Gelet op vorenstaande feiten en omstandigheden ziet het hof aanleiding om een fors deel van de gevangenisstraf in voorwaardelijke vorm op te leggen met een proeftijd van twee jaar. Zoals door de advocaat-generaal is gevorderd en door de raadsman is verzocht, zal het hof het onvoorwaardelijk deel van de op te leggen gevangenisstraf gelijk stellen aan de tijd die verdachte reeds in voorarrest heeft doorgebracht. Het voorwaardelijke deel van de gevangenisstraf dient als stok achter de deur teneinde te voorkomen dat verdachte zich nogmaals schuldig maakt aan (dergelijke) strafbare feiten. Het hof stelt hierbij de bijzondere voorwaarde dat verdachte zich onder toezicht van de reclassering zal stellen. Verdachte heeft, mede gelet op zijn (onveranderde) financiële situatie, deze steun in de rug nodig om op het goede pad te blijven.
Om daarnaast voldoende recht te doen aan de ernst van het feit, acht het hof het tevens noodzakelijk om verdachte een werkstraf van maximale duur op te leggen.

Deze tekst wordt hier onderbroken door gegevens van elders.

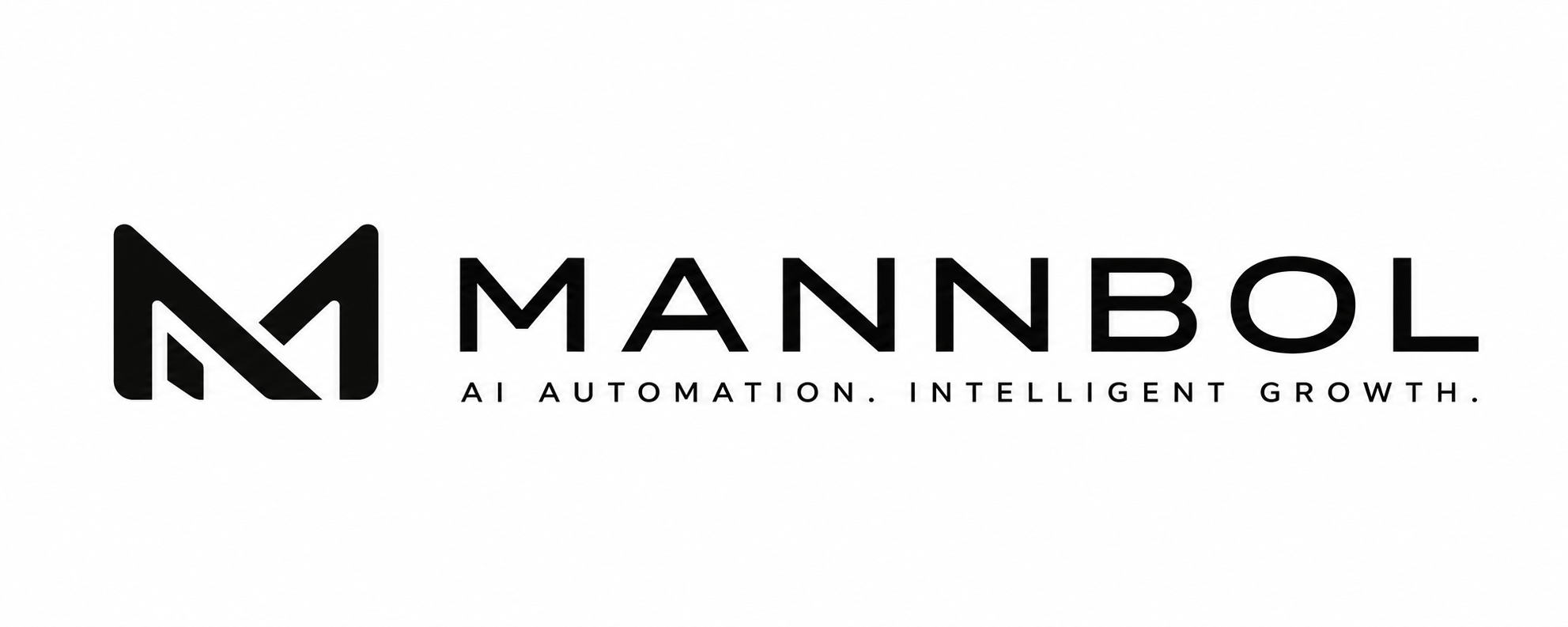 MANNBOL Logo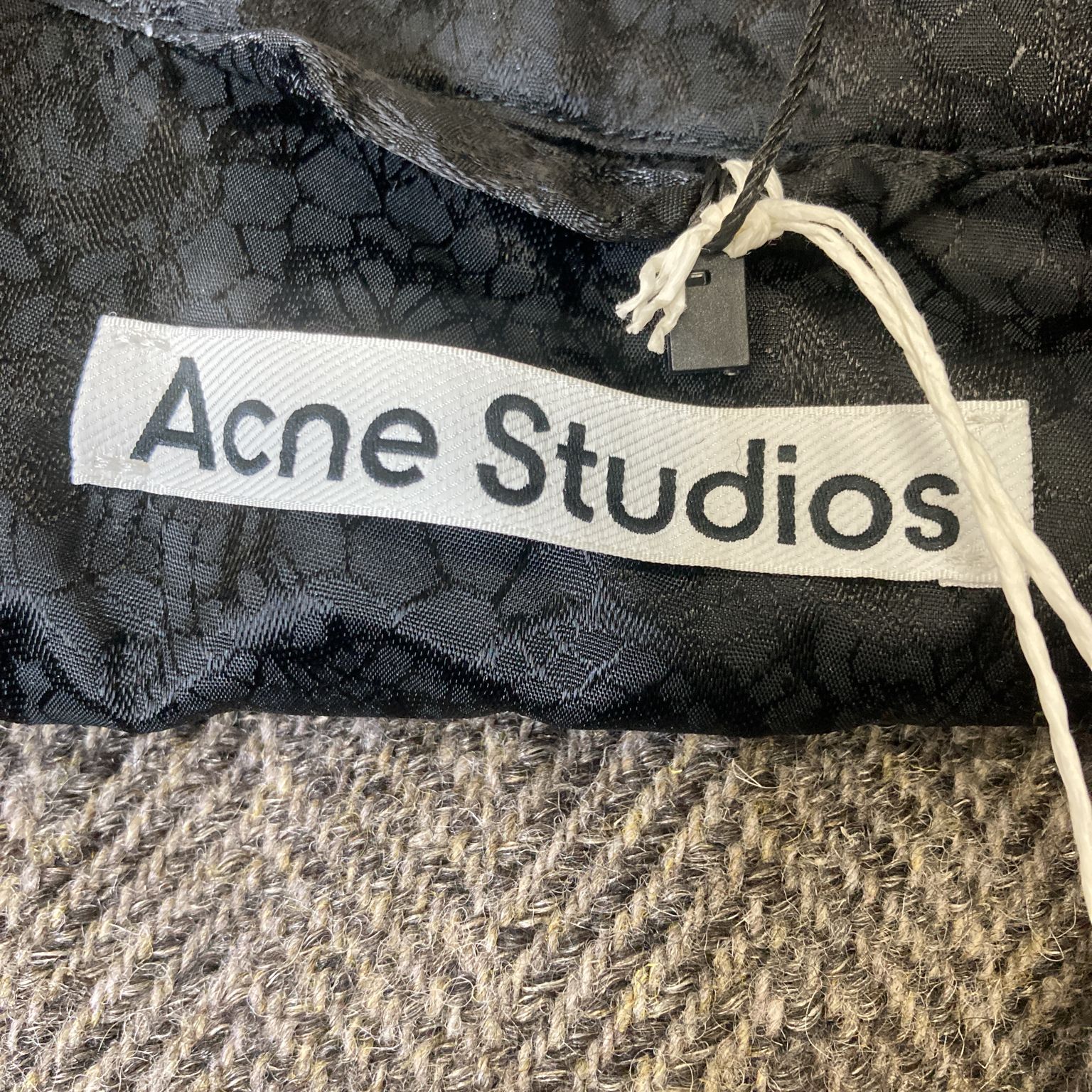 Acne Studios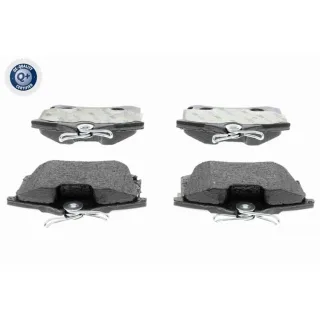 Vaico Bremsbel?ge hinten Audi Citroen Fiat Ford Seat Skoda VW V10-8178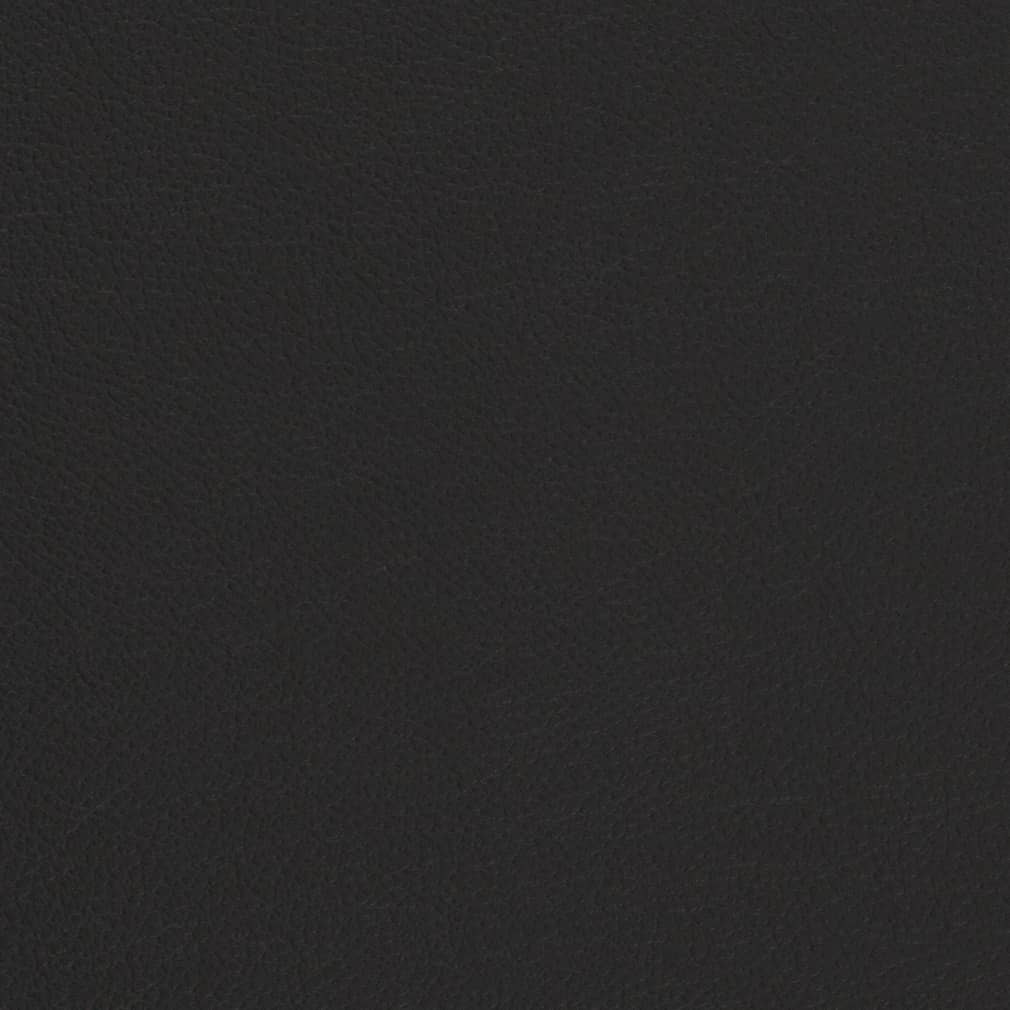 V682 Plain & Solid Onyx Black Charlotte Fabrics Vinyl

Toepassing van wetsartikelen
Het hof heeft gelet op de artikelen 14a, 14b, 14c, 14d, 22c, 22d, 27 en 317 van het Wetboek van Strafrecht, zoals deze artikelen golden ten tijde van het bewezen verklaarde.
De uitspraak
HET HOF,
RECHT DOENDE OP HET HOGER BEROEP:
vernietigt het vonnis, waarvan beroep, en opnieuw recht doende:
verklaart het verdachte ten laste gelegde bewezen en kwalificeert dit als hiervoor vermeld en verklaart dit feit en verdachte strafbaar;
verklaart niet bewezen hetgeen aan verdachte als voormeld meer of anders is ten laste gelegd dan hierboven als bewezen is aangenomen en spreekt verdachte daarvan vrij;
veroordeelt verdachte [verdachte] tot een gevangenisstraf voor de duur van vierentwintig maanden;
beveelt, dat van de gevangenisstraf een gedeelte van dertien maanden en negentien dagen, niet zal worden ten uitvoer gelegd, tenzij de rechter later anders mocht gelasten, op grond dat de veroordeelde zich voor het einde van een proeftijd van twee jaren aan een strafbaar feit heeft schuldig gemaakt, of de hierna te noemen bijzondere voorwaarde niet heeft nageleefd;
beveelt dat de tijd door de veroordeelde vóór de tenuitvoerlegging van deze uitspraak in verzekering en in voorlopige hechtenis doorgebracht, bij de uitvoering van het onvoorwaardelijk deel van de opgelegde gevangenisstraf geheel in mindering wordt gebracht;
veroordeelt verdachte tevens tot een taakstraf, bestaande uit een werkstraf, voor de duur van tweehonderdveertig uren, met bevel voor het geval dat de veroordeelde de werkstraf niet naar behoren verricht, dat vervangende hechtenis voor de duur van honderdtwintig dagen zal worden toegepast;
stelt als bijzondere voorwaarde:
dat de veroordeelde zich zal stellen onder toezicht van de Stichting Reclassering Nederland en zich zal gedragen naar de aanwijzingen van die instelling;
draagt genoemde instelling op de veroordeelde bij de naleving van de voorwaarden hulp en steun te verlenen;
bepaalt dat dit toezicht door genoemde instelling reeds tijdens de proeftijd kan worden beëindigd;
heft op het bevel tot voorlopige hechtenis en beveelt de onmiddellijke invrijheidsstelling van veroordeelde.
Dit arrest is aldus gewezen door mr. A.J. Rietveld, voorzitter, mr. S.H. Wachter en mr. D.V.E.M. van der Wiel-Rammeloo, in tegenwoordigheid van mr. L.W. van Campen als griffier.
Mr. Rietveld is buiten staat dit arrest mede te ondertekenen.